◆ DATASET CONTENT:
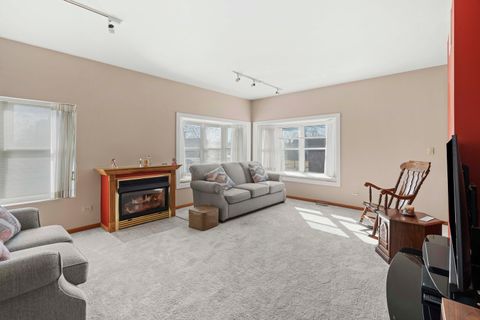 Tiny photo for 18134 Martin Avenue, Homewood, IL 60430 (MLS # 12521770)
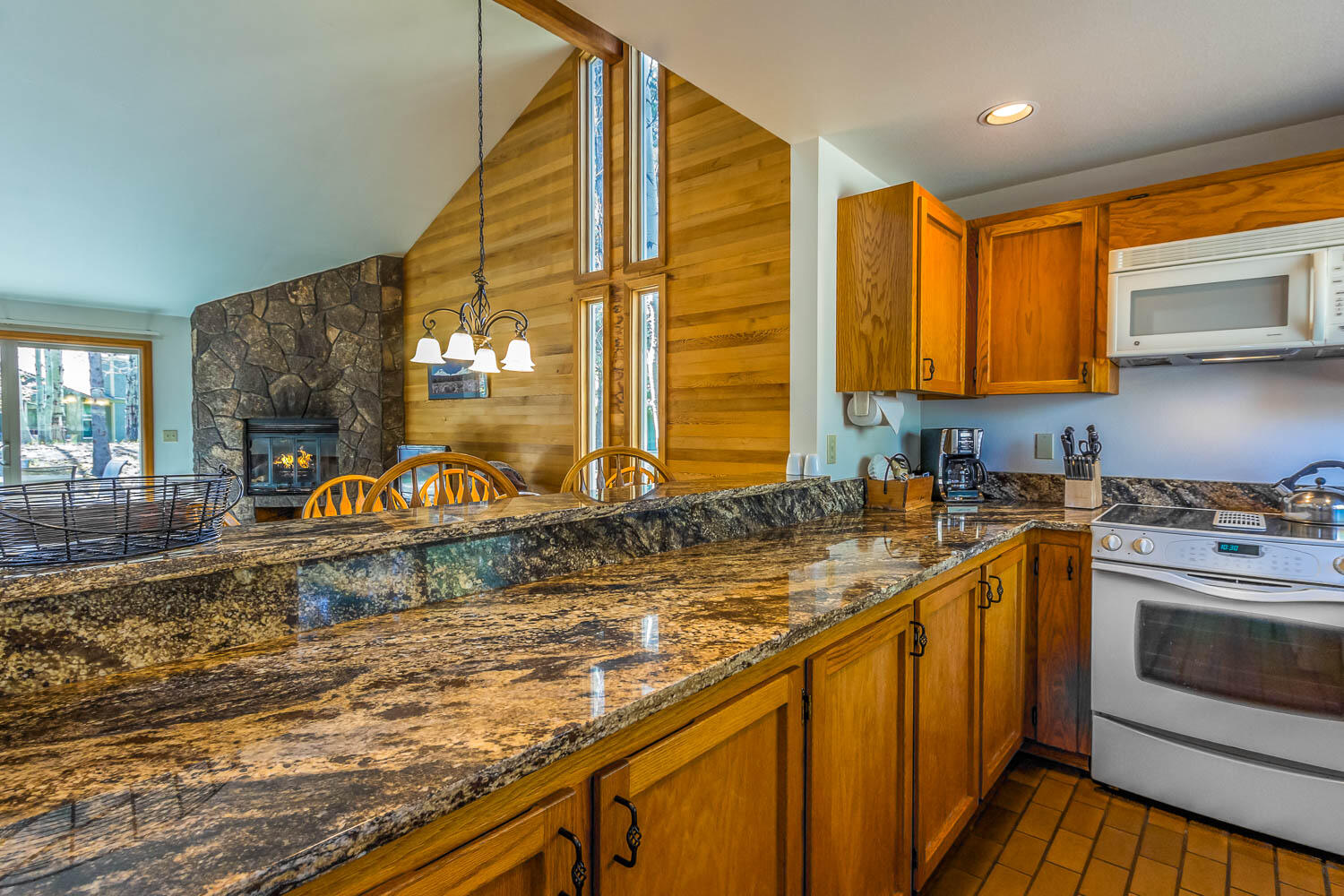 Quelah Condos - Residential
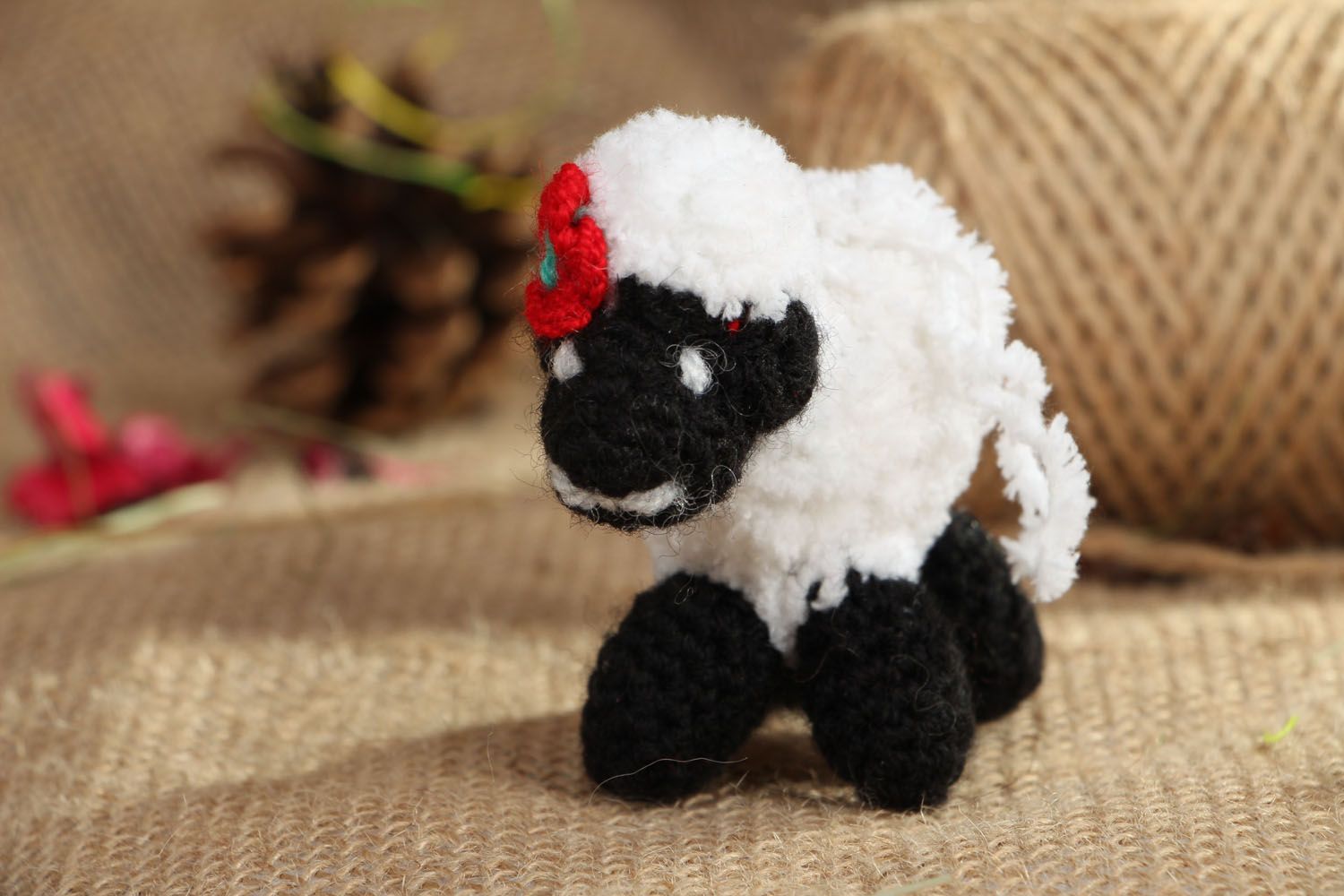Peluche tricotée au crochet à la main Mouton photo 4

◆ PROBLEM DESCRIPTION: Aside from the pictures, repeat the listing exactly.

◆ RESPONSE BOX:
 Tiny photo for 18134 Martin Avenue, Homewood, IL 60430 (MLS # 12521770)
 Quelah Condos - Residential
Peluche tricotée au crochet à la main Mouton photo 4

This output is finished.